_Material provided_:

+++

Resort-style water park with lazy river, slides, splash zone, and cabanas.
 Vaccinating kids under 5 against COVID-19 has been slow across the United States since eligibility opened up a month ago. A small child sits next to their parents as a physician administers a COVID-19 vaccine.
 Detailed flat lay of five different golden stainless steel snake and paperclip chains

+++

_Exercise objective_:
Your response should consist of the whole listing, repeated exactly.

_Response area_:
Resort-style water park with lazy river, slides, splash zone, and cabanas.
 Vaccinating kids under 5 against COVID-19 has been slow across the United States since eligibility opened up a month ago. A small child sits next to their parents as a physician administers a COVID-19 vaccine.
 Detailed flat lay of five different golden stainless steel snake and paperclip chains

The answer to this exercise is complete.